Extracted entries START

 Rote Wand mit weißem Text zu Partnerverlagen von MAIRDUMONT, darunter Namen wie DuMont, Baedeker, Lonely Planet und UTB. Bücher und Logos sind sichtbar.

Extracted entries END
Extracted entries START

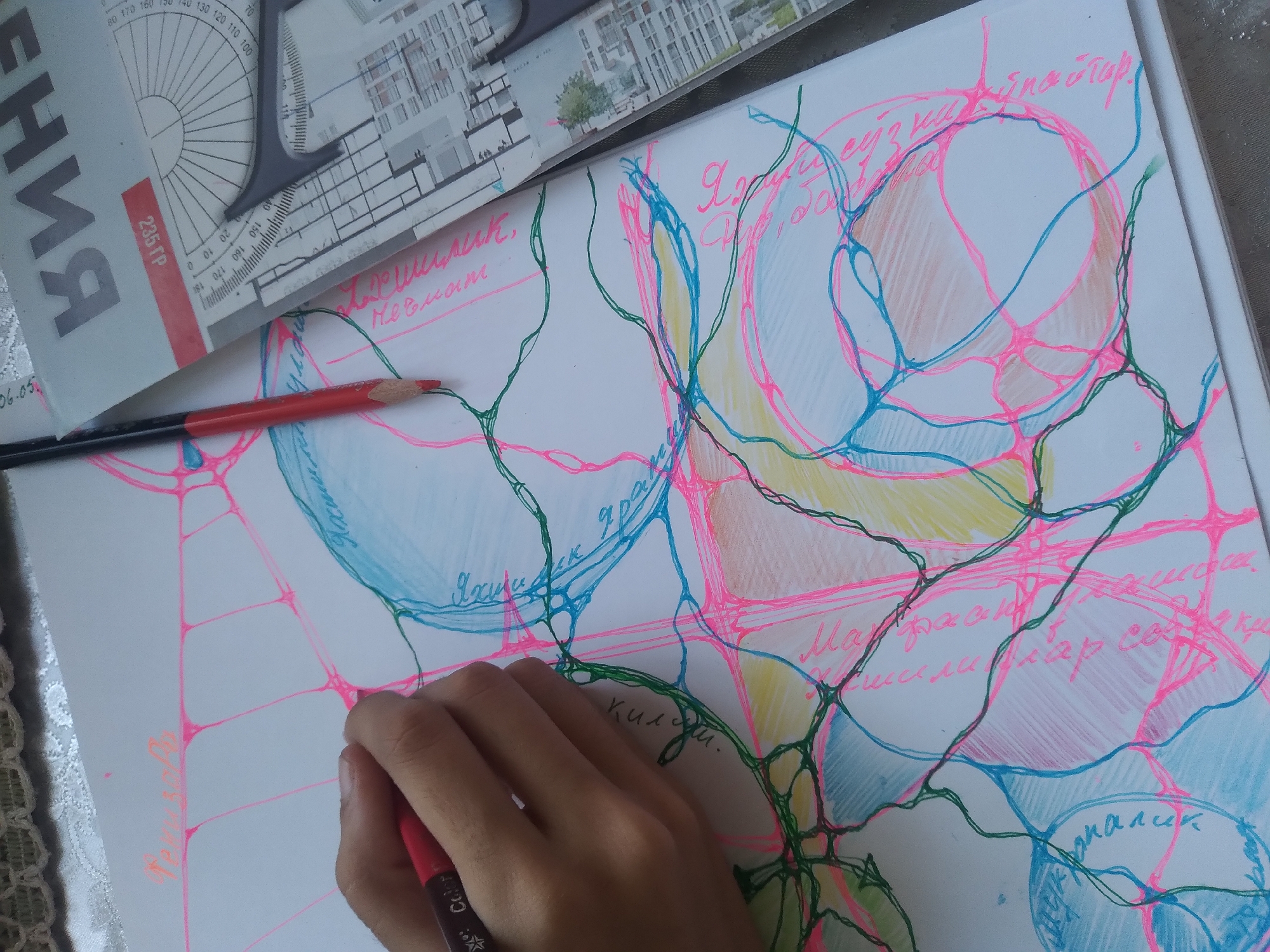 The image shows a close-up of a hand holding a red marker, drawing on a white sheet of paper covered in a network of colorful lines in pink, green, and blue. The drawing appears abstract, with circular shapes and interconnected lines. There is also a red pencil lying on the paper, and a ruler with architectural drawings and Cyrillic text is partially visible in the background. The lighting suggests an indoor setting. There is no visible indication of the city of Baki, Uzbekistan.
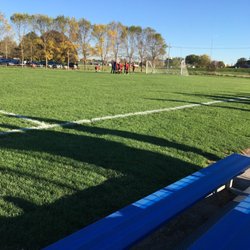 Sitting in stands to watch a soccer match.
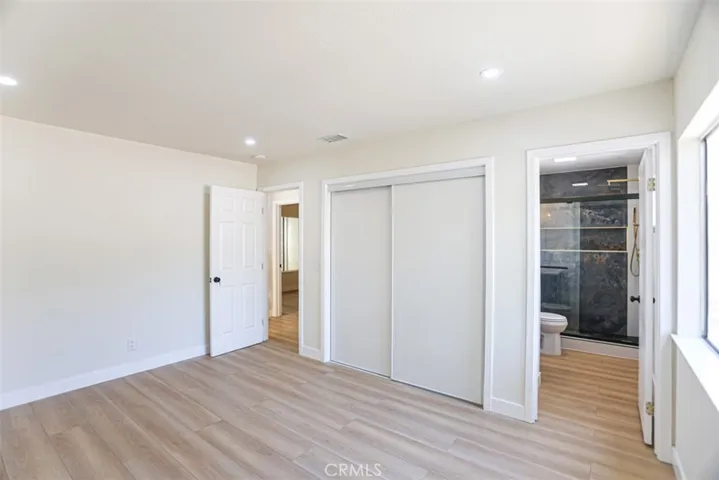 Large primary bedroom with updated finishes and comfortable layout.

Extracted entries END
Extracted entries START

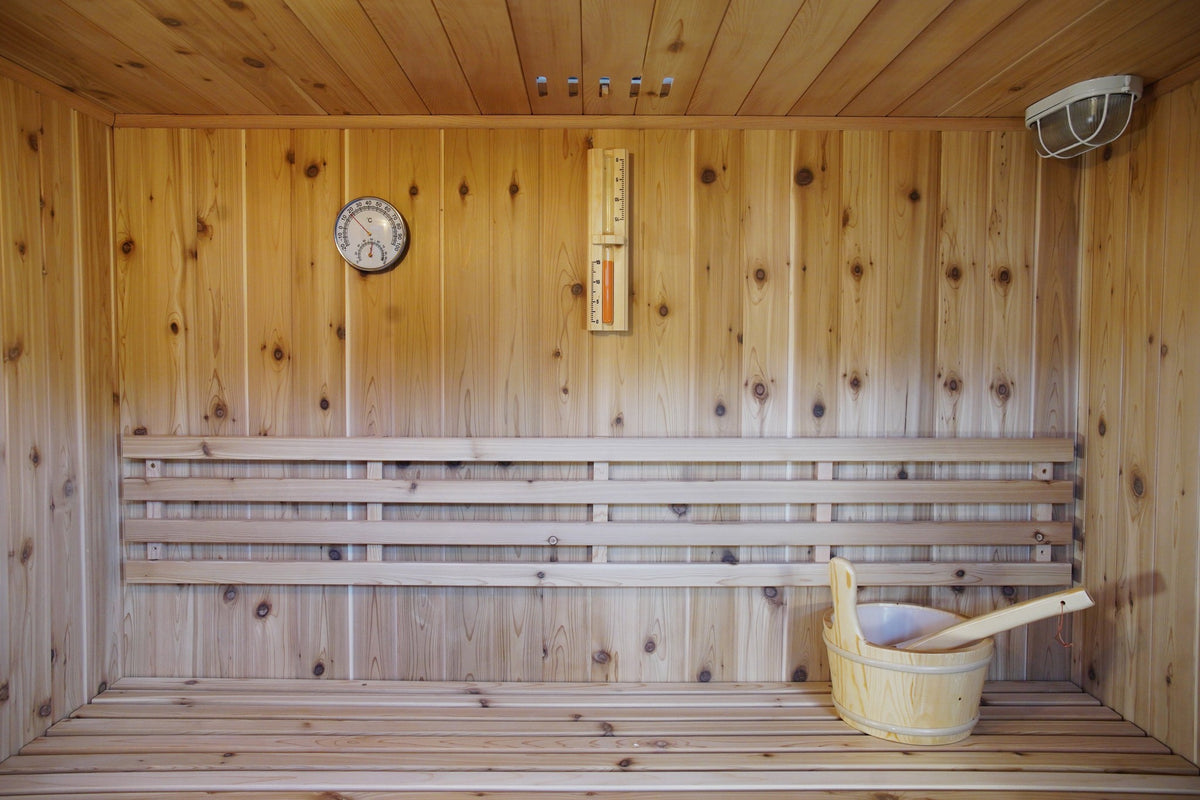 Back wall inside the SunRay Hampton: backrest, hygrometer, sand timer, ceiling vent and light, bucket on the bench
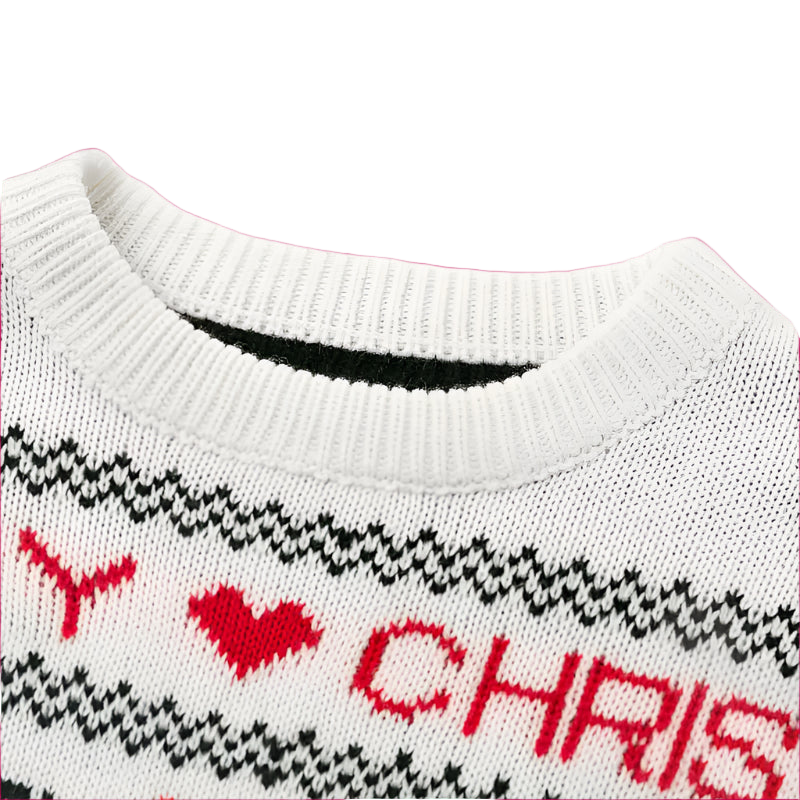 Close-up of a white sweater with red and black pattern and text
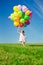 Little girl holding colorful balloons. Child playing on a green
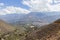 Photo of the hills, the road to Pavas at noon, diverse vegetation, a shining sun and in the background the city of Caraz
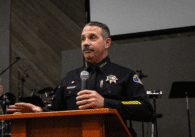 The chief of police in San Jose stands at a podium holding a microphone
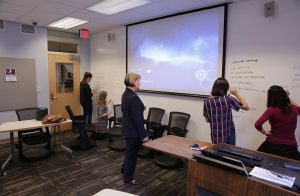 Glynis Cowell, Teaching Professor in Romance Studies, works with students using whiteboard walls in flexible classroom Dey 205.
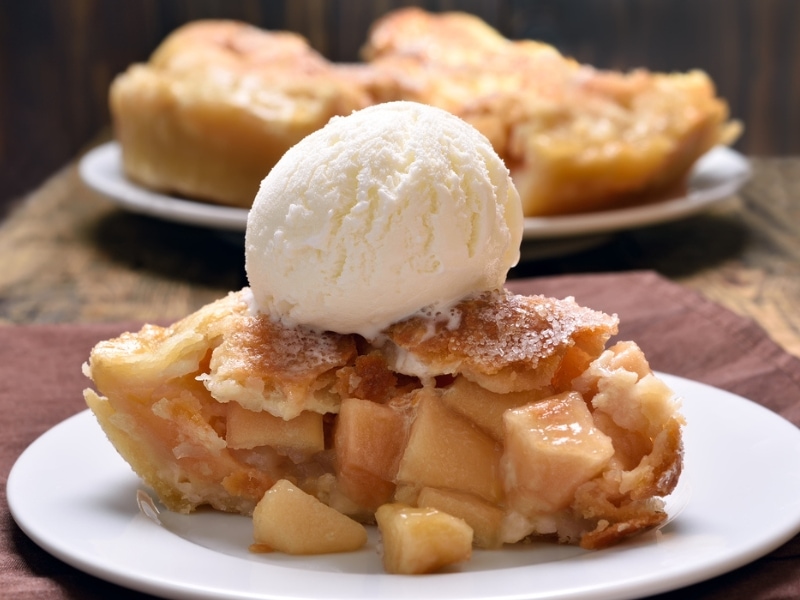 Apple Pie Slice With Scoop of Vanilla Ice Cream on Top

Extracted entries END

Your assignment: Of the lines above, quote exactly those from the one with "Close-up of a white" through the one with "The chief of", ends included; pictures stay out.

Exercise solution:
 Close-up of a white sweater with red and black pattern and text
 Little girl holding colorful balloons. Child playing on a green
 Photo of the hills, the road to Pavas at noon, diverse vegetation, a shining sun and in the background the city of Caraz
 The chief of police in San Jose stands at a podium holding a microphone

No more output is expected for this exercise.